Stiglitz’s Publications Include:
• Walsh, Carl & Stiglitz, Joseph. Economics. New
York : W.W. Norton & Company, (2002).
• Walsh, Carl & Stiglitz, Joseph. Principles in Macroeconomics.
New York : W.W. Norton & Company, (2002).
• Stiglitz, Joseph. Globalization and Its Discontents W. W. Norton & Company, (2002).
• Greenwald, Bruce & Stiglitz, Joseph. Towards a New
Paradigm in Monetary Politics. Cambrididge: Cambridge University
Press, (2003).
• Stiglitz, Joseph. The Roaring Nineties. Why We're Paying
the Price for the Greediest Decade in History Penguin, (2004).
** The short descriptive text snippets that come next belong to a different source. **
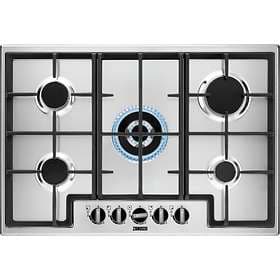 Zanussi ZGNN755X (Stainless Steel)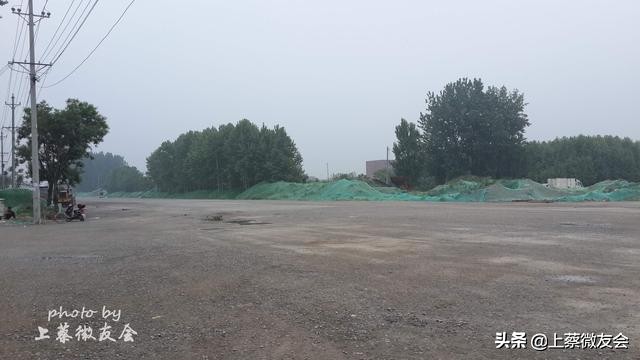 上蔡345省道东环路啥时候修,上蔡县五龙修柏油路视频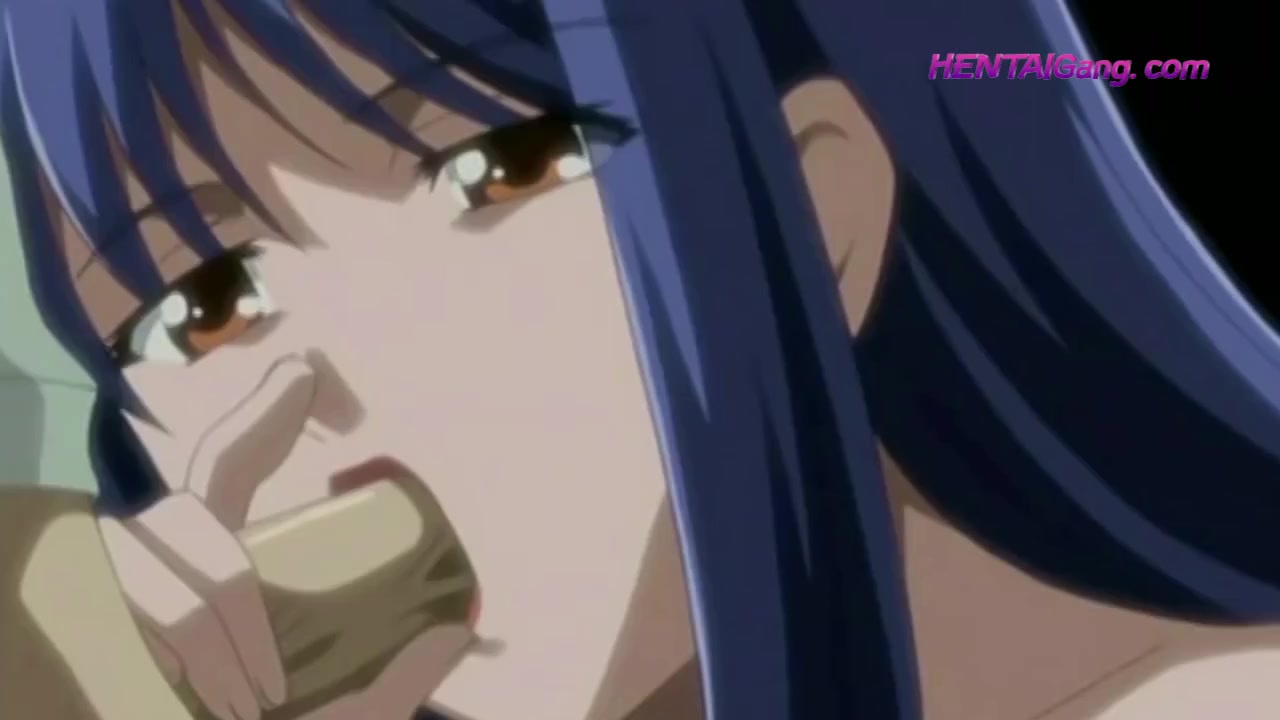 It`s A Family Affair Ep.1 HENTAI UNCENSORED
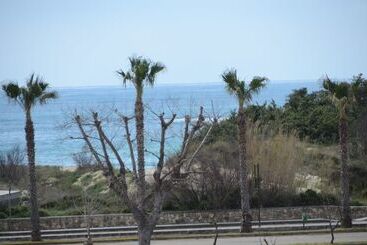 Zodiaco - Porto Cesareo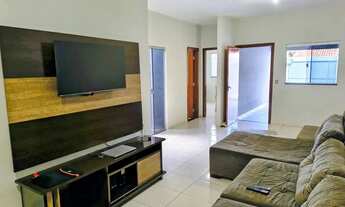 Imagem 6: Casa 4 quartos uma suite ( Residência Canadá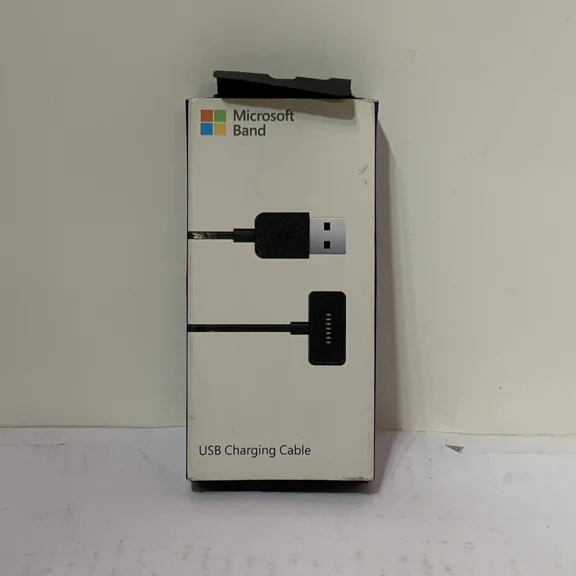 ?? Microsoft 4M6-00001 Usb Charging Cable Genuine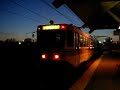 Look at Watt I-80 Station at night (01 of 01) Sac Ca Usa.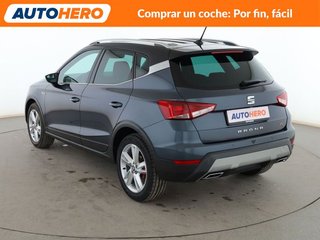 Seat Arona 1.0 TSI FR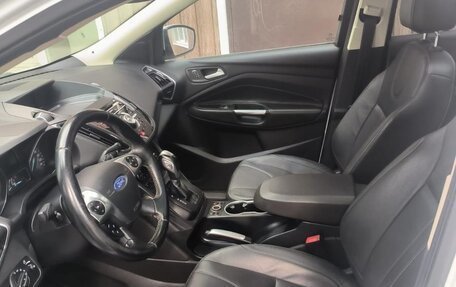 Ford Kuga III, 2013 год, 1 060 000 рублей, 19 фотография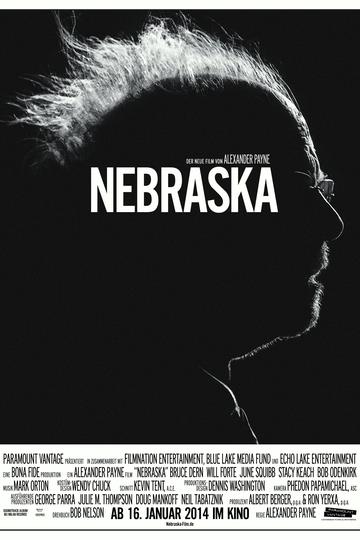 Poster Nebraska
The following press release
from the Royal Swedish Academy of Sciences
describes Stiglitz's work:
Many markets are characterized by asymmetric information: actors
on one side of the market have much better information than those on
the other. Borrowers know more than lenders about their repayment prospects,
managers and boards know more than shareholders about the firm's profitability,
and prospective clients know more than insurance companies about their
accident risk. During the 1970s, this year's Laureates laid the foundation
for a general theory of markets with asymmetric information. Applications
have been abundant, ranging from traditional agricultural markets to
modern financial markets. The Laureates' contributions form the core
of modern information economics.
Joseph Stiglitz clarified the opposite type of market
adjustment, where poorly informed agents extract information from the
better informed, such as the screening performed by insurance companies
dividing customers into risk classes by offering a menu of contracts
where higher deductibles can be exchanged for significantly lower premiums.
In a number of contributions about different markets, Stiglitz has shown
that asymmetric information can provide the key to understanding many
observed market phenomena, including unemployment and credit rationing.